The move comes days after Carbon Resources, which is into manufacturing of input materials for ferro alloys, steel, and aluminium industries, sent a non-binding letter of intent (LoI) to McLeod bankers to settle dues and take a controlling stake in the tea producer. It also acquired a 5.03 per cent stake in the company from the open market.
Himanshu Shah, chairman of M K Shah Exports (MKSEL), told Business Standard: “We have sent a letter of intent to the banks. We want to infuse cash into the company and be a part of the restructuring process and collaborate with the promoters,” said Shah.
“For the sake of the tea industry at large, we would like to state our intention to collaborate with MRIL and its creditors to find a win-win-win-formula whereby the creditors, employees, MRIL as well as MKSEL benefit,” he said.
Shah’s contention is that tea estates should not be run by ‘outsiders’. Carbon Resources is a non-tea player and looking to diversify.
The industry is not defined solely by a tea estate’s bottomline, but by the number of people it employs, houses and feeds, pointed out Shah.
There are about 70,000 workers associated with MRIL, which has 31 estates in Assam and two in Dooars. The crop is about 44 million kg (mkg).
In 2018, when McLeod was selling gardens to pare debt, MKSEL had purchased the Doom Dooma Circle Estates of McLeod comprising eight estates. “Some of the gardens were very good and some we have turned around,” said Shah.
With Shah’s move, an offer competing with Carbon Resources is now before McLeod lenders, apart from the debt resolution plan. It is understood that lenders met on Thursday.
Carbon Resources has offered an upfront payment of Rs 1,245 crore of an estimated outstanding bank debt of Rs 1,650 crore.
Sources in McLeod indicated that the debt restructuring plan that promoters had been discussing with banks was also on the table. “Ultimately, the banks will take a call,” the sources said.
The promoters of McLeod, Khaitans, have been discussing a debt resolution with the lenders for a while now. The process was paused when insolvency proceedings had been initiated against McLeod last year by a financial creditor and then restarted after settlement.
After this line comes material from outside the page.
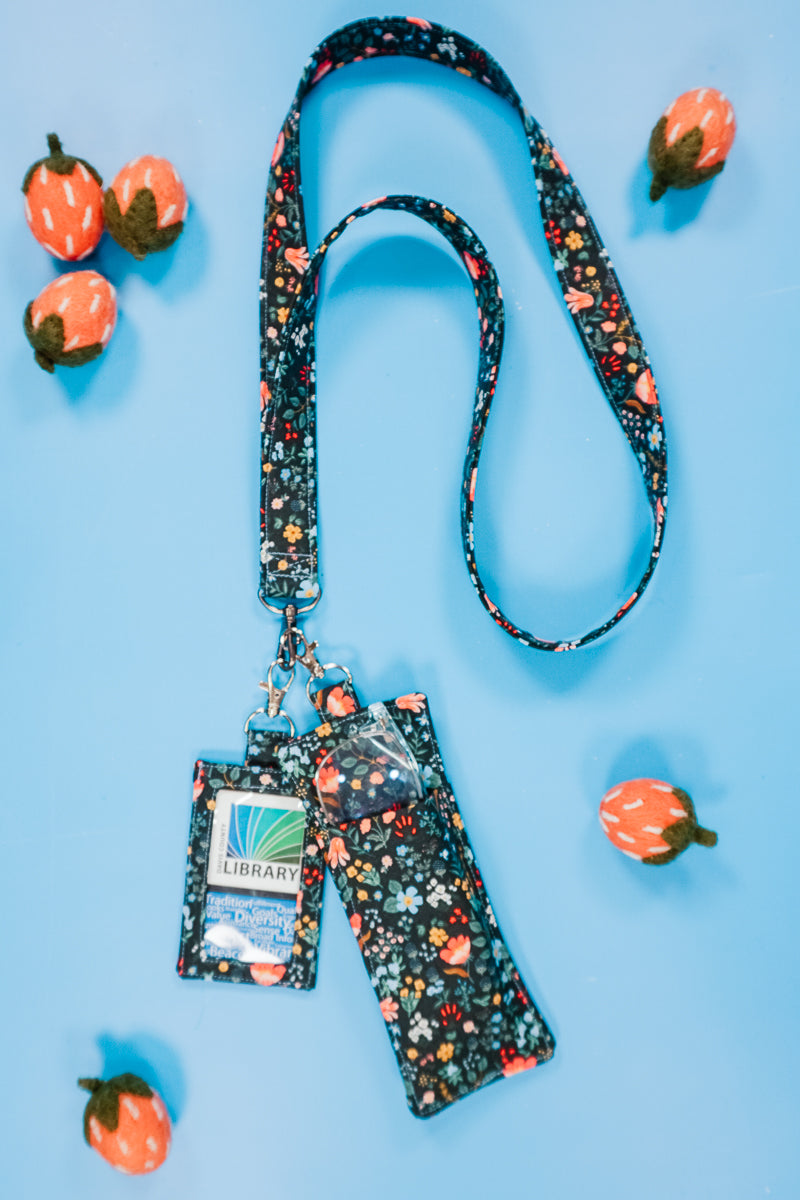 Lanyard Sewing Pattern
The company’s latest annual report mentioned that lenders had appointed independent professionals for carrying out techno economic viability study (TEV), which was re-vetted and confirmed. Valuation of tea estates were under process. And the committee formed by lenders had appointed credit rating agencies for assessing possible credit rating on implementation of the proposed resolution plan was also under process.